Your copy should contain exactly the lines from the one that holds "ZX Spectrum клавиатура" through the end of the material, reproduced as written, with no pictures.

Information START

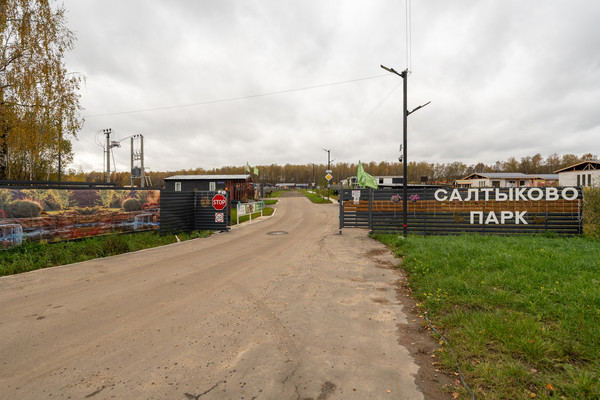 Продам дом, Малышево тер. СНТ, Салтыково с, 0 км от города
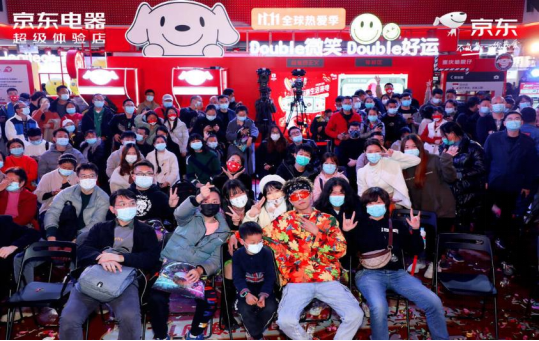 成交額同比增長(zhǎng)109% 京東超體重慶店迎來(lái)線下11.11消費(fèi)晚高峰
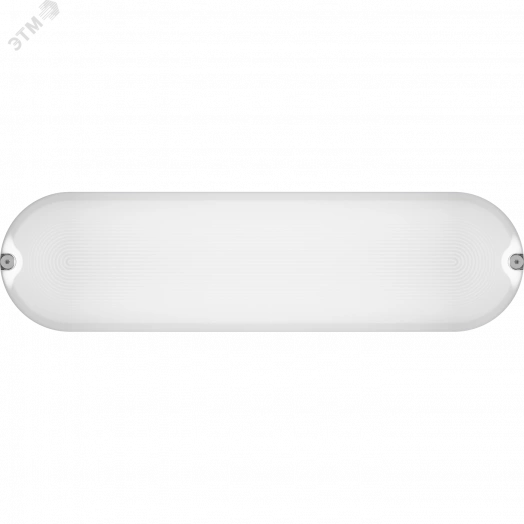 Светодиодный светильник OD LED 12w 5000K IP65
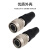 鑫线连（GISLINK）HRS12芯相机插头 工业相机触发线连接器 CCD浮动 对接母头 铜芯 XXL-HRS12-2 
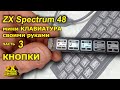 ZX Spectrum клавиатура своими руками. Часть 3 / ZX Spectrum's keyboard do it yourself. Part 3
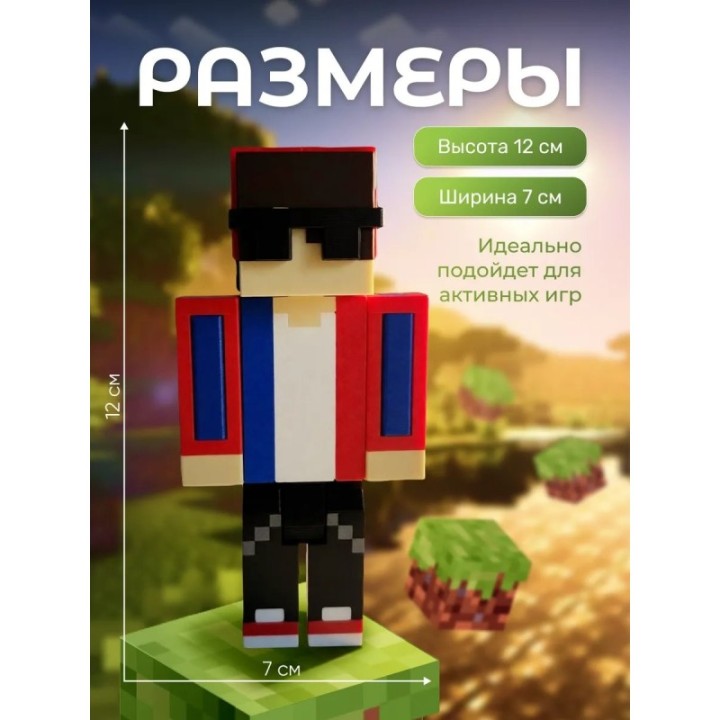Купить компот minecraft про ASDAMATOYS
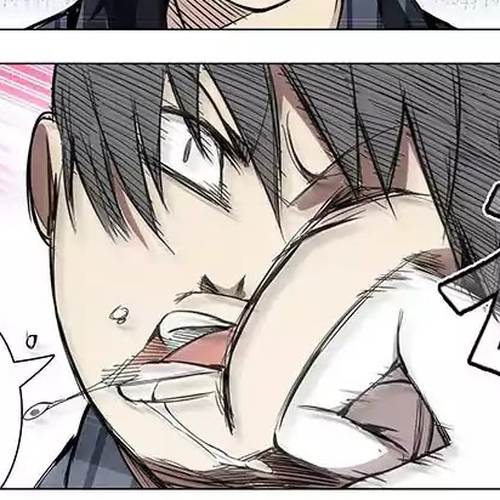 Weirdo Chapter 21 cover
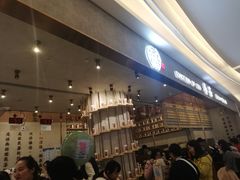 -眷茶(大卫城10楼店)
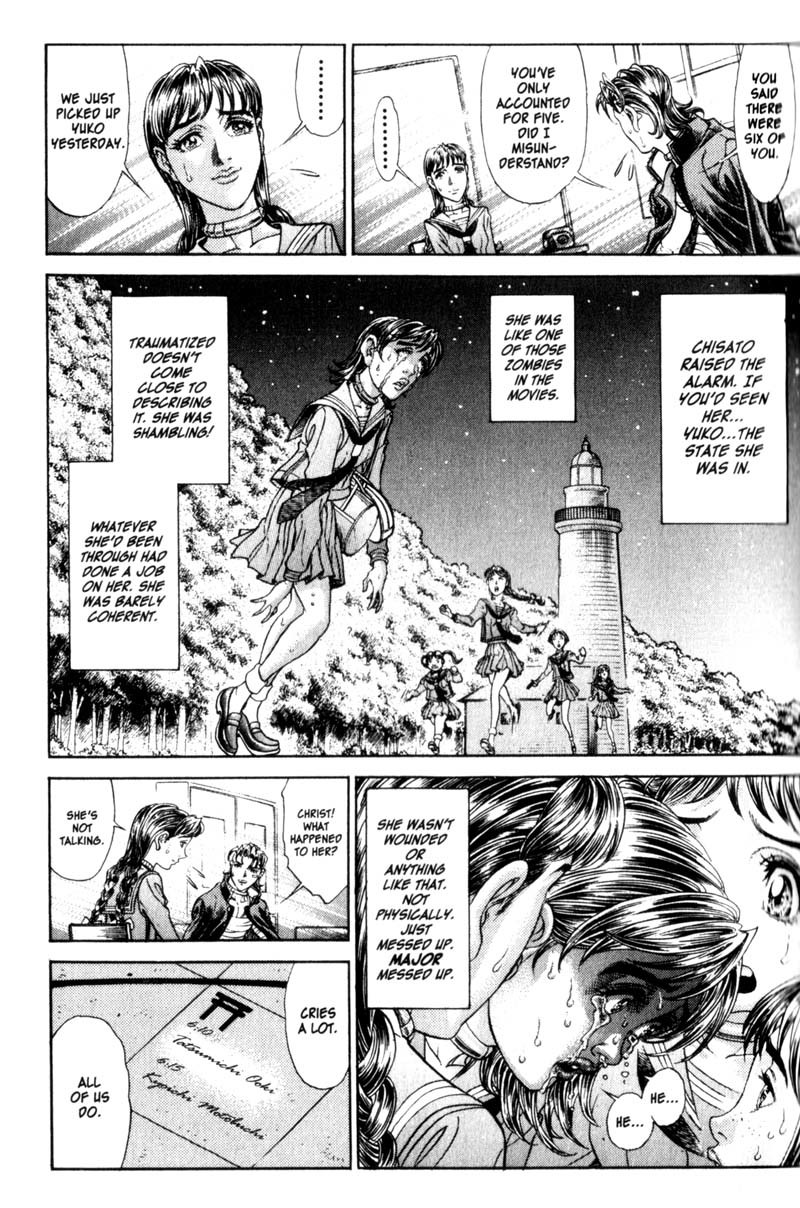Battle Royale chapter 68 page 14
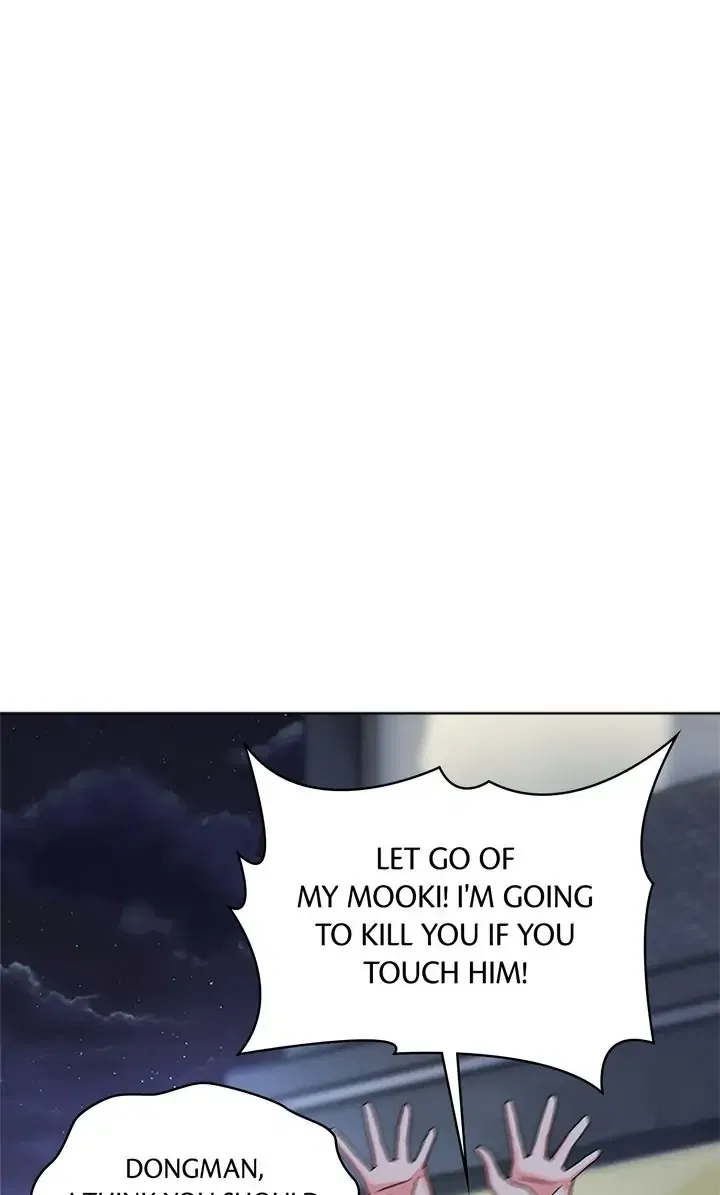 Fight for My Way Chapter 4 – Page 45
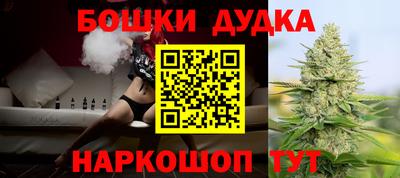 гашишное масло Краснознаменск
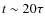$t\sim 20\tau$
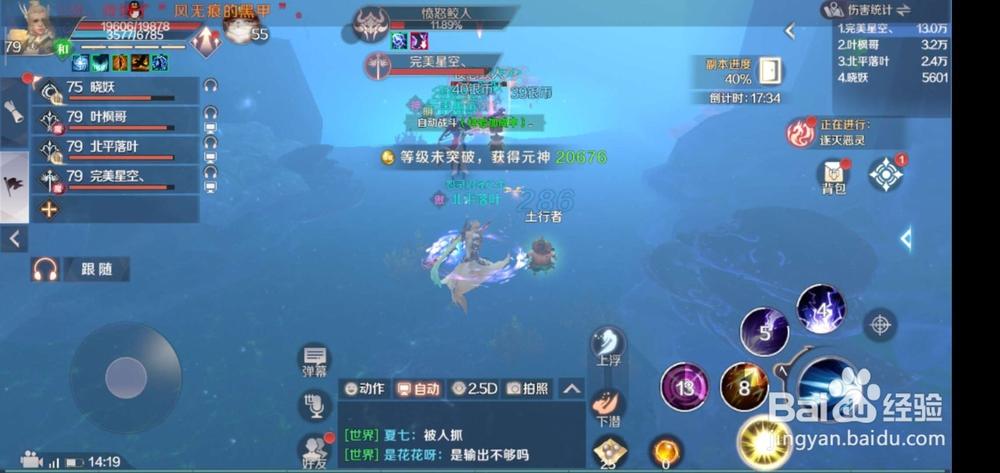 完美世界手游解除实名认证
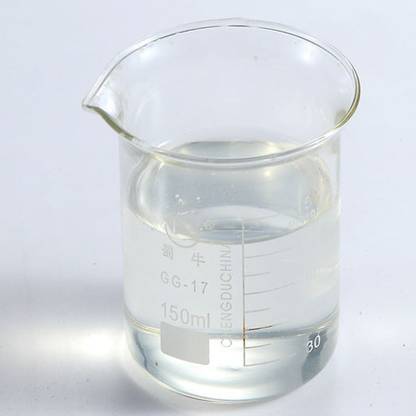 MMGE AMMONIA - 250ml Stain Remover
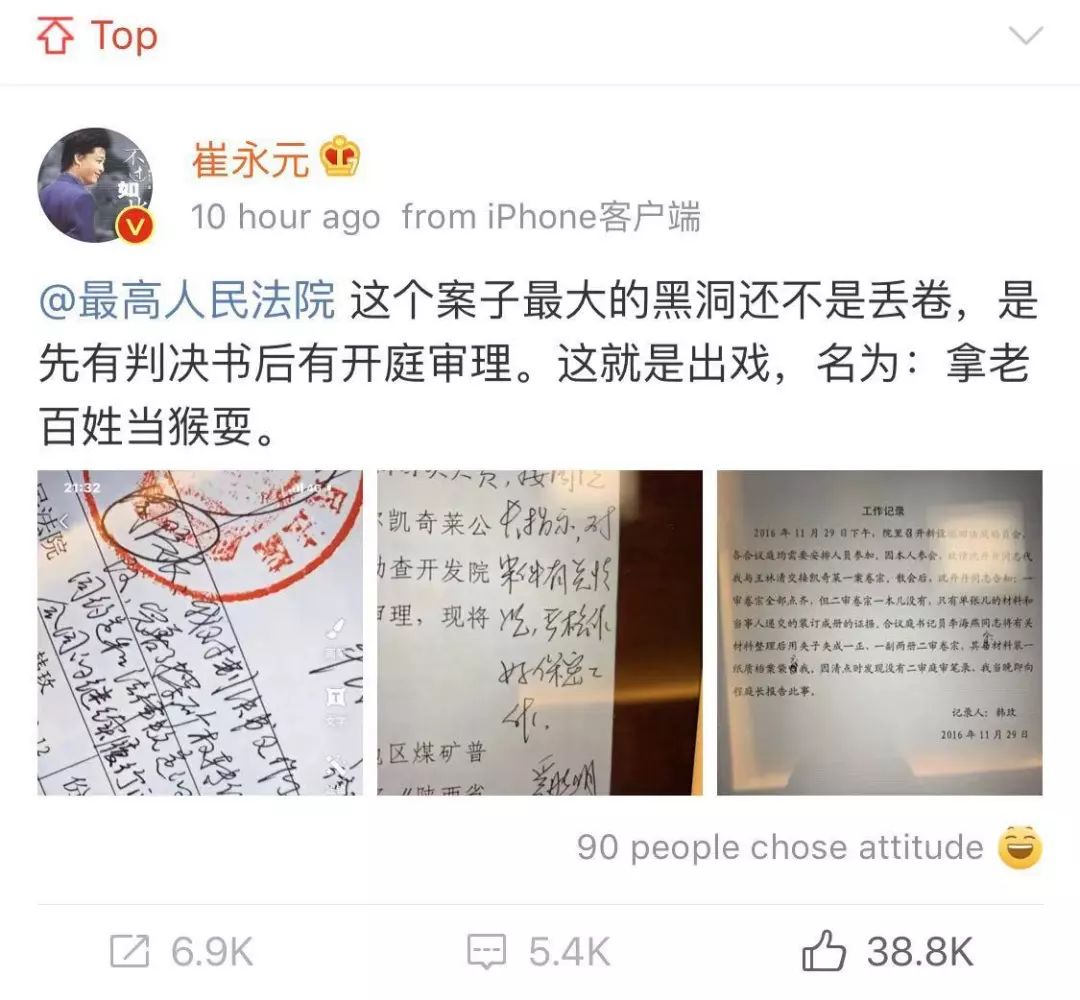 崔永元爆料,最高法回应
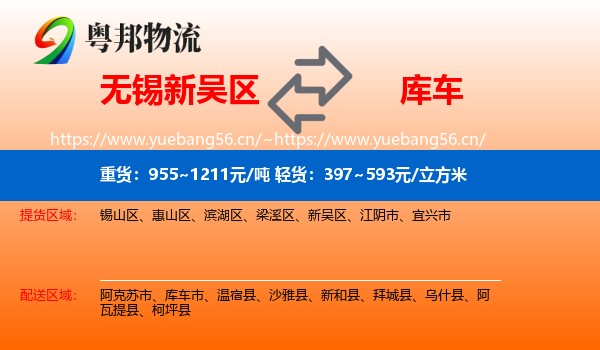 无锡新吴区到库车市物流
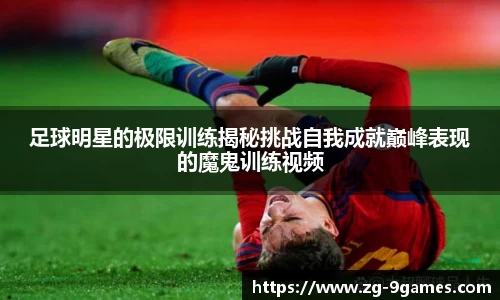 九游会登录入口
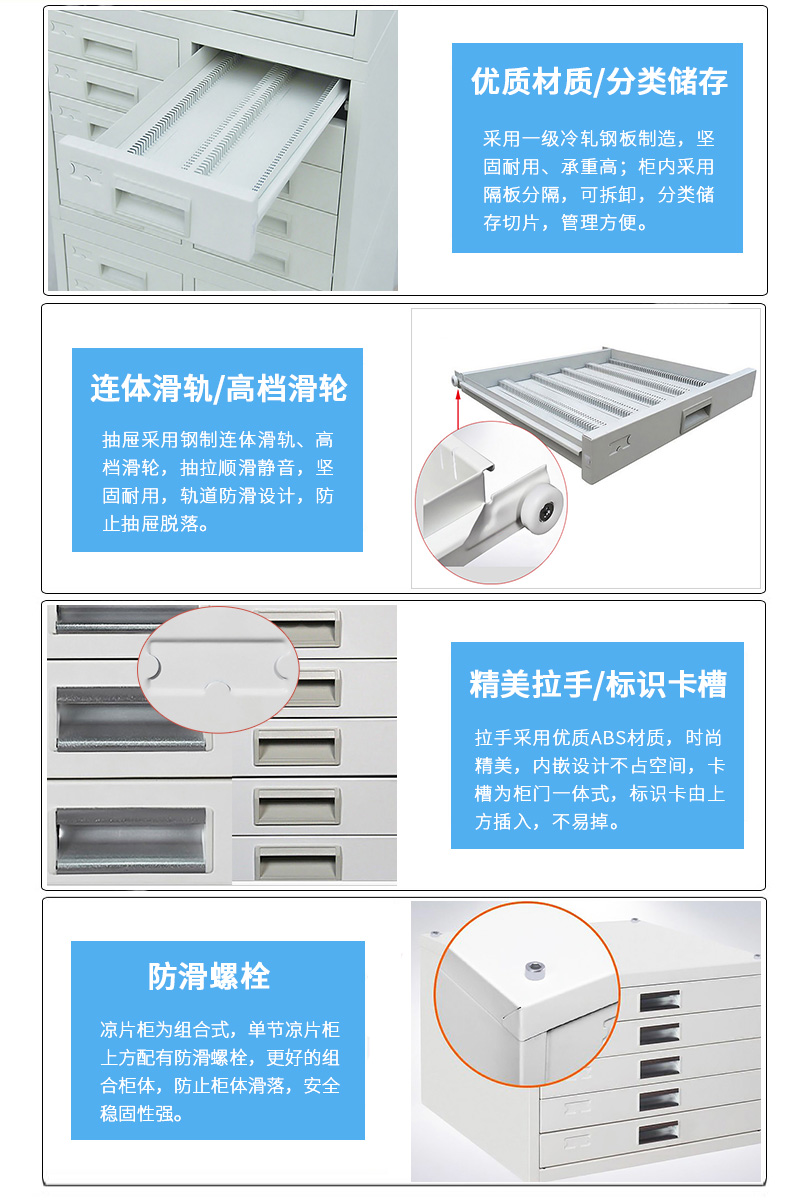 深圳海发办公家具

Information END

Result of this exercise:
 ZX Spectrum клавиатура своими руками. Часть 3 / ZX Spectrum's keyboard do it yourself. Part 3
Купить компот minecraft про ASDAMATOYS
 Weirdo Chapter 21 cover
 -眷茶(大卫城10楼店)
Battle Royale chapter 68 page 14
 Fight for My Way Chapter 4 – Page 45
 гашишное масло Краснознаменск
$t\sim 20\tau$
 完美世界手游解除实名认证
 MMGE AMMONIA - 250ml Stain Remover
 崔永元爆料,最高法回应
 无锡新吴区到库车市物流
 九游会登录入口
 深圳海发办公家具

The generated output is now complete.